As 27 antenas gigantes do Very Large Array [radiotelescópio de um observatório norte-americano de radioastronomia] estavam todas alinhadas em trilhos interligados, que se estendiam por quilômetros, pelas planícies desérticas de San Agustín, no Novo México. Não havia praticamente nenhuma outra atividade humana à vista. Meus colegas astrofísicos estavam reunidos na sala de controle próxima dali, monitorando os dados que chegavam do outro lado do universo. Mas eu estava lá fora, agasalhada contra o vento frio, observando o céu a olho nu.
E o céu estava coberto de estrelas. Palavras que eu havia memorizado há muito tempo ecoavam em meu coração: “Os céus declaram a glória de Deus; o firmamento proclama a obra das suas mãos” (Salmos 19.1).
Estávamos usando o telescópio para procurar lentes gravitacionais — lugares no universo em que o próprio espaço é curvado. As escalas terrestres pareciam insuficientes para descrever uma realidade onde o nosso sol, apesar de todo o seu tamanho, é apenas um pequeno grão de areia na extensa praia do universo.
Essa escala também poderia ser algo difícil para a minha alma compreender. Como jovem pesquisadora, os argumentos dos ateus às vezes me vinham à mente. “Vivemos em um planeta insignificante, orbitando uma estrela trivial… escondido em algum canto esquecido” do universo, escreveu certa vez o astrônomo Carl Sagan.
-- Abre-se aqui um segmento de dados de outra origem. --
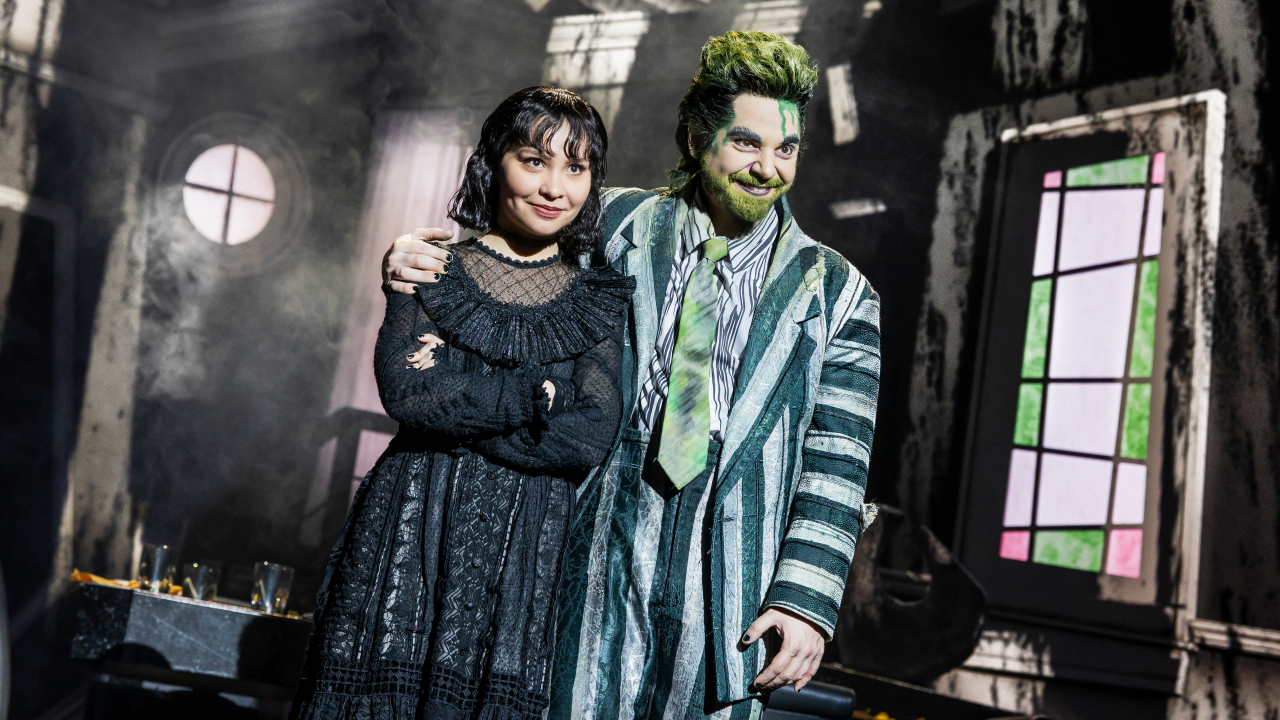 Beetlejuice with his arm around Lydia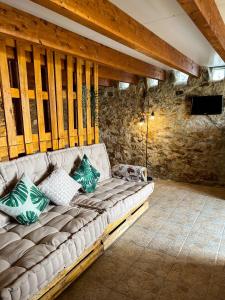 a couch in a room with a stone wall at Mökki Apúlia in Apúlia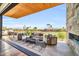 Spacious outdoor balcony featuring a seating area and views of the golf course at 6331 E Phoenician Blvd # 6, Scottsdale, AZ 85251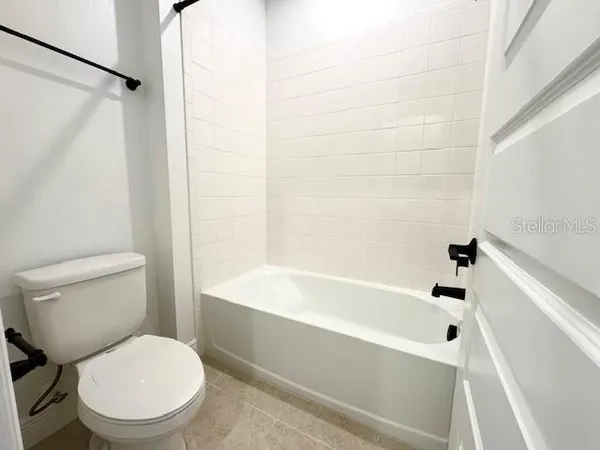 a white toilet sitting next to a bath tub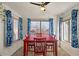 Bright dining room with large windows and blue curtains, perfect for Gathering meals at 1137 W 21St Ave, Apache Junction, AZ 85120
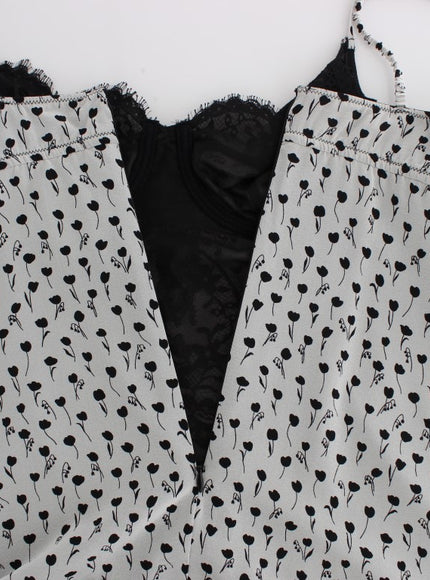 a white and black top with black spots on it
Na cultura ocidental, muitas vezes presumimos que pequeno quer dizer insignificante. E, assim, eu lutava para compreender o lugar dos seres humanos — e de Deus — neste vasto cosmos.
Questionamentos sobre a relevância do ser humano estão surgindo hoje em muitos campos científicos além da astronomia, entre os quais estão a cosmologia, a evolução, a genética e a inteligência artificial. As respostas são frequentemente apresentadas em narrativas ateístas, que, por sua vez, alimentaram um aumento no número de pessoas que afirmam não seguir nenhuma religião organizada. O Barna Group entrevistou um determinado grupo de pessoas em 2022, perguntando-lhes o que as fazia duvidar da fé cristã. E uma das principais respostas foi: “a ciência”.
As ideias do cientificismo e do reducionismo promovidas por alguns ateus se difundiram por nossa cultura, nas últimas décadas. Eles dizem coisas como a ciência é a melhor fonte de conhecimento; Deus é mera superstição e os seres humanos não têm um propósito maior. Nos círculos tecnológicos, as ideologias da tecnossalvação [ideologia de que a tecnologia por si só pode resolver todas as crises planetárias] e do transhumanismo [o uso da ciência e da tecnologia para aprimorar a condição humana e superar as limitações humanas] estão crescendo, à medida que as pessoas depositam sua confiança em invenções científicas para resolver os problemas da humanidade e vencer a morte. Embora a influência dos militantes ateus esteja diminuindo, muitos no mundo das ciências ainda rejeitam o cristianismo, por considerá-lo dispensável ou até mesmo prejudicial.
Enquanto isso, a igreja frequentemente é vista como uma instituição que rejeitou a ciência estabelecida ou que, no mínimo, não oferece respostas úteis. As descobertas científicas atuais muito raramente são discutidas na igreja. O mesmo estudo do Barna mostrou que a maioria dos pastores não percebe que a ciência está entre os principais motivos pelos quais as pessoas duvidam [da fé cristã].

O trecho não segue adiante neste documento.